A blog post in which I pose some questions for Duff & Phelps regarding their plans and court actions, future funding, and whether they have taken sufficient steps to obtain information from all parties regarding Rangers’ affairs. If so, have Mr Whyte and Mr Ellis committed a criminal offence, and if so, have Duff & Phelps done anything about it?
Whilst a lot of work has been done by them in eleven weeks, how do they intend to keep the doors open until a bidder completes due diligence and signs a deal?
Has the stop/start process (some of which might rest at D&P’s door, but much of which has been caused by outside events) resulted in Rangers being unable to continue as a going concern?
This week has seen the focus shift from the administrators of Rangers on to the SFA disciplinary process and the furore regarding the “anonymous” Judicial Panel.
I will pass over that for now, and pose a couple of quick questions for Duff & Phelps. It would be easy to forget that the administration process is still going on! I do not expect them to answer me, but some response might be forthcoming to someone.
An interesting piece was posted on the Web.3D.Law blog last night. This concludes by stating:-
“ If I am right, it begs the question as to why and how D&P are taking offers for the club in the first place, especially since Craig Whyte can block any action to sell his shares.
Are the administrators fulfilling a PR exercise?
Of course. They must they be seen to be doing everything possible to save Rangers. Are they under instructions from CW himself to try and find a buyer? To me, the whole thing reeks of an exercise in futility – unless of course CW’s security is less than publicly reported, it makes no logical sense as to why he would sell to either bidder and Duff and Phelps have raised a lot of Rangers supporters hopes for nothing. Again.”
The administrators of Rangers are very experienced Insolvency Practitioners. They are fully aware of the rules under which they must operate. To lesser mortals like me, some of their decisions seem baffling. I am sure that is my failing, rather than theirs. However, responses to the following questions would be of interest.

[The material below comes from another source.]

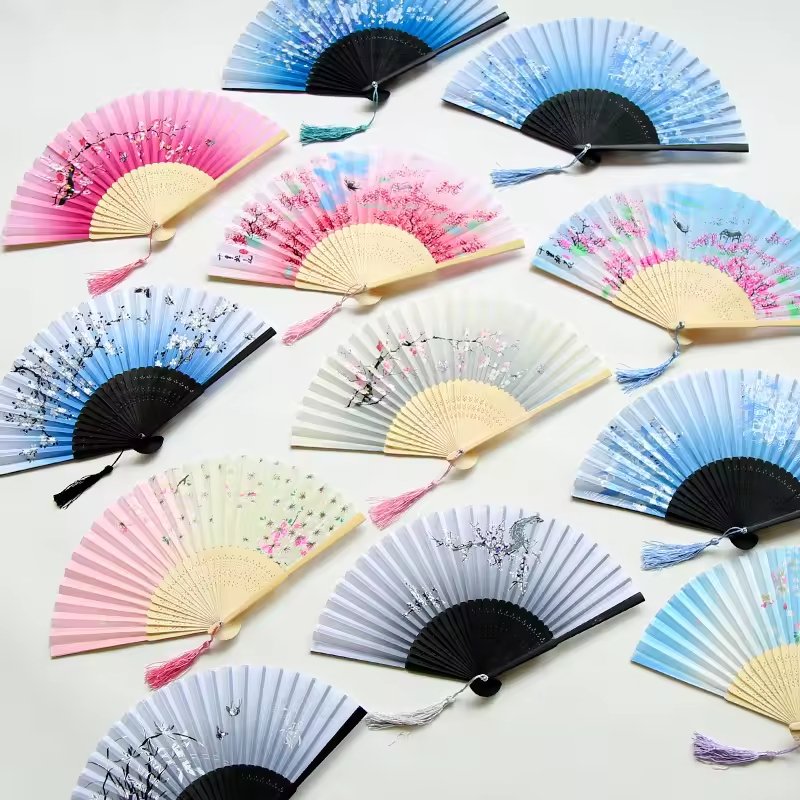 Abanico plegable de mano de seda con estampado de estilo japonés chino tradicional, borla de mango de madera, de boda , decoración del hogar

Have They Received Notification of the Result of the Big Tax Case?
The parties are made aware of the terms of the decision a few days before it is made public. If they had heard, then I am sure leaks and spin would already be taking place.
However, as the amount assessed by the Tax Tribunal as due by Rangers is important for the purposes of assessing what proposal can be made in a CVA. It also affects the amount that a buyer, whether of the company or the assets, might have to put into the pot.
If no result has yet been notified, have they been told when this might take place?
Have They Received a Statement of Affairs from Mr Whyte or Mr Ellis and Whom Have They Asked for One?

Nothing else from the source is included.